Concrètement, ça se traduit dans ma stratégie d'allocation d'actifs :

  • Beaucoup d'actifs en bourse et en private equity
  • Des business online, accessibles depuis n'importe où sur la planète
  • Peu ou pas d'immobilier, je dis pas "pas du tout", mais c'est un actif qui t'ancre et qui complique la mobilité

Je nuance quand même : ceux qui pèsent tellement lourd financièrement peuvent échapper à ces contraintes. Mais dans mon entourage, je pense que quasiment personne n'a de meilleure solution que la mienne. Après, je reconnais que certains de mes amis à Bali font full immobilier avec succès, à distance, et que ce n'est pas un problème de fou pour eux en cas de retournement de situation.

La versatilité des paradis fiscaux

Un truc que je répète souvent : les statuts fiscaux avantageux sont par nature instables et changeants. Regardez la Turquie, devenue un vrai Dubaï avec zéro taxe. Je prédis que dans 5 ans, la Turquie ce sera redevenu de la merde, comme le Portugal et d'autres pays qui ont connu la même évolution. Ma conclusion : le vent tourne, les choses évoluent.

Mon rapport personnel à l'expatriation

Je ne ressens pas de mal du pays. Je me sens bien plus chez moi en Corée du Sud, à Bali, à Shanghai ou à Tokyo qu'à Paris, en France, ou même à Besançon où j'habite quand je suis dans mon pays d'origine. Cette aisance ne m'empêche pas de garder l'esprit de flexibilité, que je considère vraiment comme la meilleure des choses à faire dans un monde instable, y compris en matière d'investissement.

Ne pas se précipiter sur l'administratif

Je mets vraiment en garde contre l'excès de prudence administrative, surtout en France. Franchement, vous êtes complètement cinglés du ciboulot à créer des micro-entreprises ou des sociétés avant même d'avoir un business qui fonctionne. Mon conseil : ne faites rien, envoyez la sauce, c'est bon, vous pouvez faire sans rien faire.

Je parle d'expérience : à 16-17 ans, j'avais déjà généré 15 000 à 20 000 euros sans société créée, en utilisant le compte de ma mère, avant de m'émanciper et de créer ma micro-entreprise.

Mon constat sur les gens obsédés par la fiscalité avant même d'avoir un revenu :

"avant même que t'aies un business qui tourne, on s'en branle de ça, tu verras après"

Je trouve ça absurde de voir des gens s'expatrier dans des paradis fiscaux pour ne gagner que 1000 à 2000 euros par mois : ça ne sert à rien de se faire chier pour ça, franchement. Après je concède qu'avec la France en dégradation continue et l'essor de l'IA, il faut rester vigilant.

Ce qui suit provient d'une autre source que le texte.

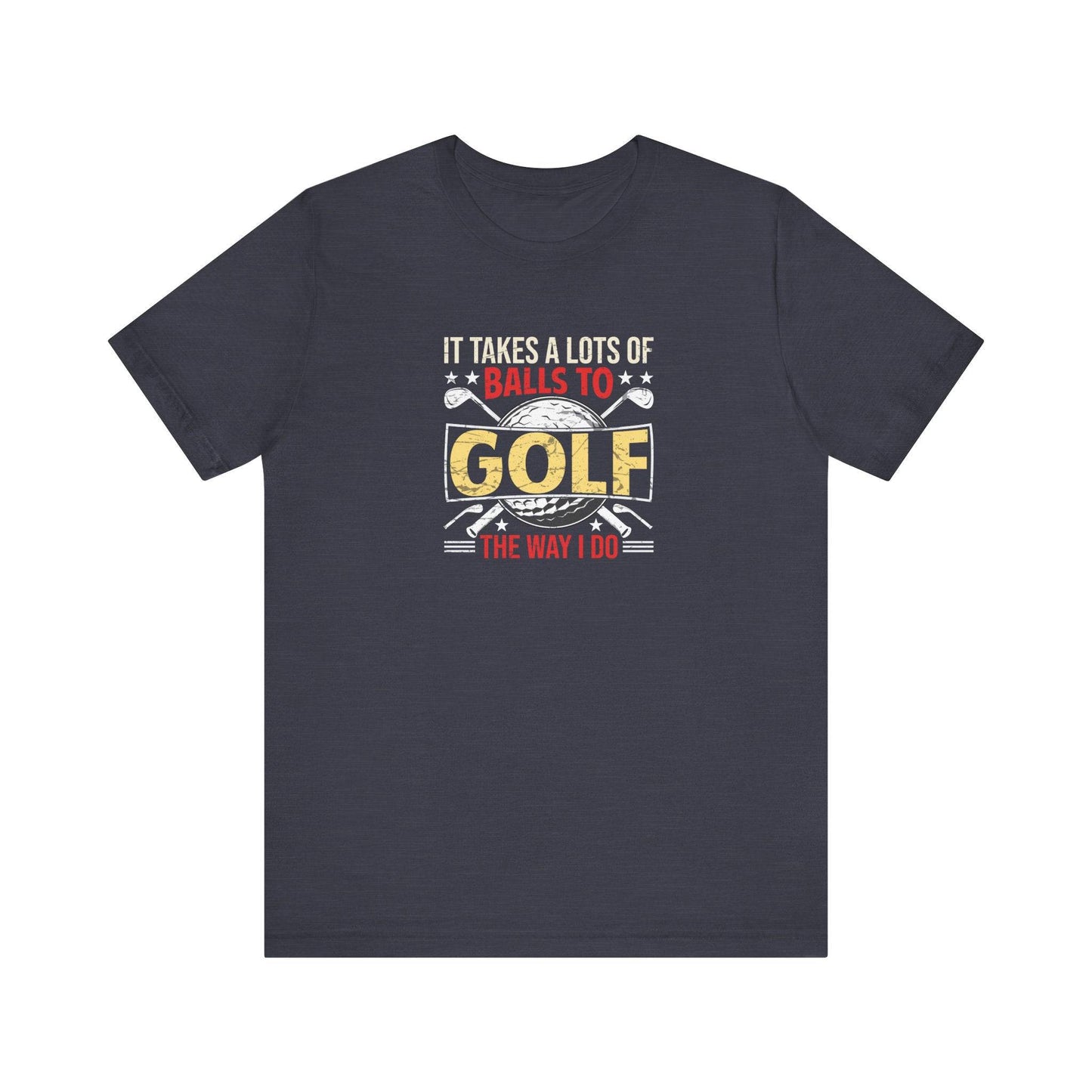 It Takes a Lot of Balls to Golf - Funny Golf T-Shirt - Goateez Style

Mais je le redis : on dispose généralement d'une marge de manœuvre au démarrage d'un business, ce qui permet de créer la structure juridique plus tard sans problème.

Mon calcul économique contre les sociétés françaises

Je fais souvent ce raisonnement chiffré, tiré de mon expérience : même avec un ROI de 10, donc très rentable, et des campagnes publicitaires parfois en échec, la charge fiscale française, TVA, impôts sur les sociétés type SAS ou SARL, faisait qu'il ne me restait quasiment que dalle à la fin.

Ma conclusion est tranchée :

"il faut se barrer, il faut se casser de la France"

J'affirme que la plupart des faillites en France s'expliquent simplement par le fait que les entreprises sont fiscalement anéanties. Je fais une distinction nette entre les grandes entreprises et les PME :

  • Les grands groupes, je pense à Bernard Arnault, s'en sortent cool, entre guillemets
  • Les petites et moyennes entreprises, 2 à 30 salariés, sont selon moi les plus pénalisées : tu es anéanti fiscalement

La récompense de la délocalisation réussie

Je pense que bien gérer son business dans des conditions fiscales difficiles constitue un avantage énorme une fois qu'on se délocalise. La réussite arrive alors à une vitesse assez folle.

Je prends l'exemple d'une connaissance, le fils d'un ami de mon père, expatrié depuis plus de 10-15 ans dans la Silicon Valley, dont la société génère environ 300 millions par an. Il m'a confié que ce succès aurait été totalement impossible en France. Ce qui lui a pris un mois aux États-Unis, il estime que ça lui aurait demandé 50 ans en France.